*** Opening Given material ***
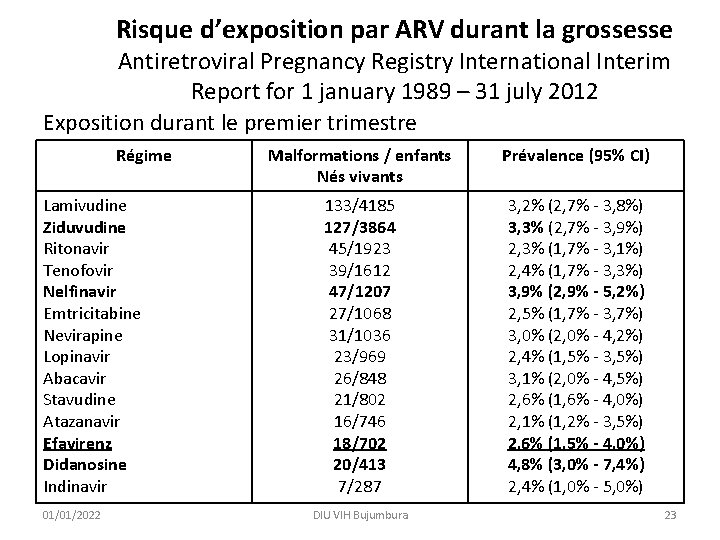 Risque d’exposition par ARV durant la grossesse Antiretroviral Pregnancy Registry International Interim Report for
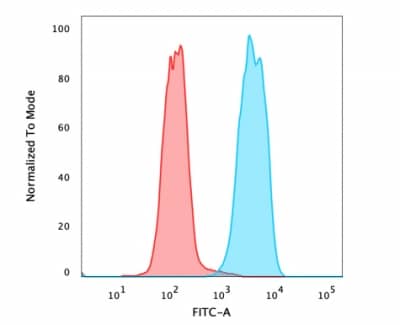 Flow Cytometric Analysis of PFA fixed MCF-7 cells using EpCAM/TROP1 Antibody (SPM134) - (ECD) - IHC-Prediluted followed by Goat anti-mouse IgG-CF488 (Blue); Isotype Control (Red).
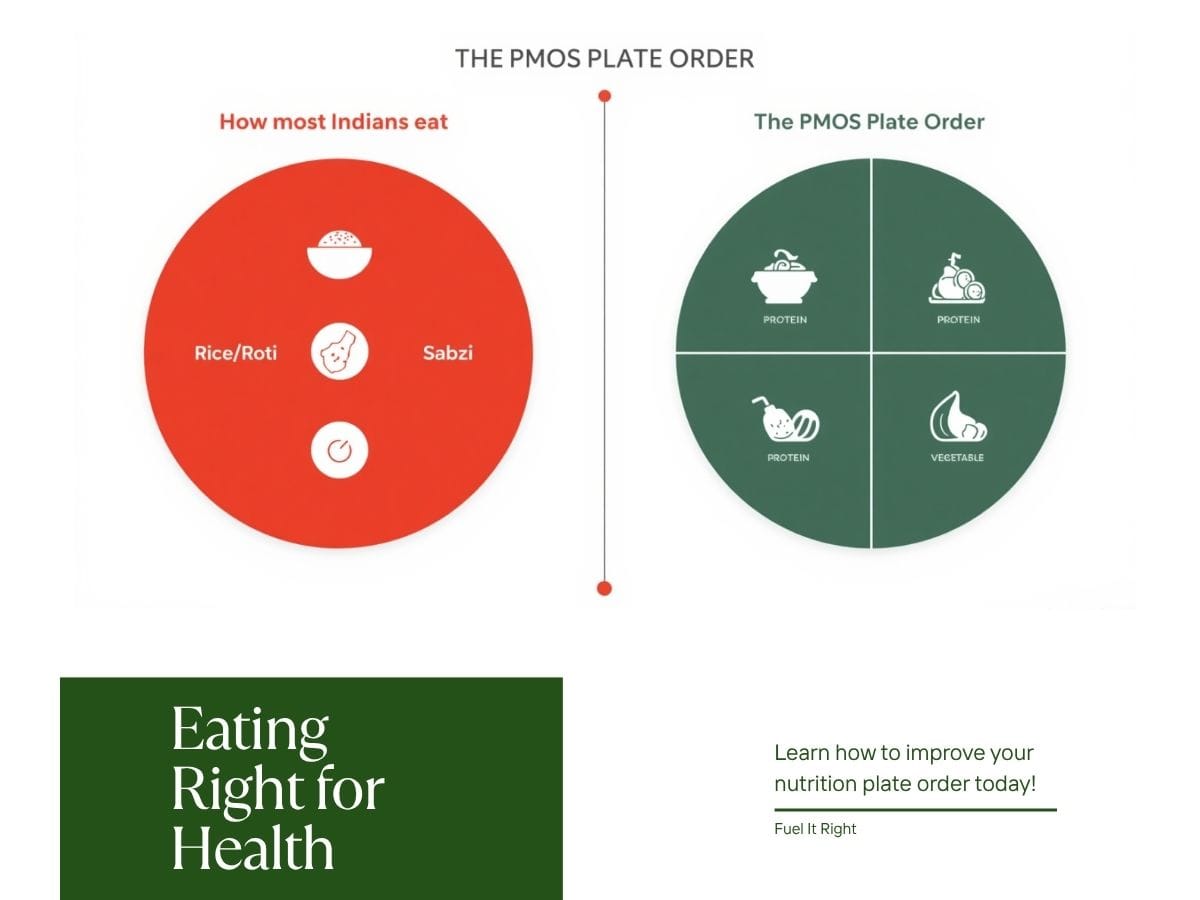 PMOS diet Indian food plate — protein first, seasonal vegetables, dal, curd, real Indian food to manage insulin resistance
*** Closing Given material ***
→ Task item
Exactly the lines from the one containing "Flow Cytometric Analysis" through the end of the data above: repeat those, both ends included, and nothing else. Skip the pictures.

→ Response box
 Flow Cytometric Analysis of PFA fixed MCF-7 cells using EpCAM/TROP1 Antibody (SPM134) - (ECD) - IHC-Prediluted followed by Goat anti-mouse IgG-CF488 (Blue); Isotype Control (Red).
 PMOS diet Indian food plate — protein first, seasonal vegetables, dal, curd, real Indian food to manage insulin resistance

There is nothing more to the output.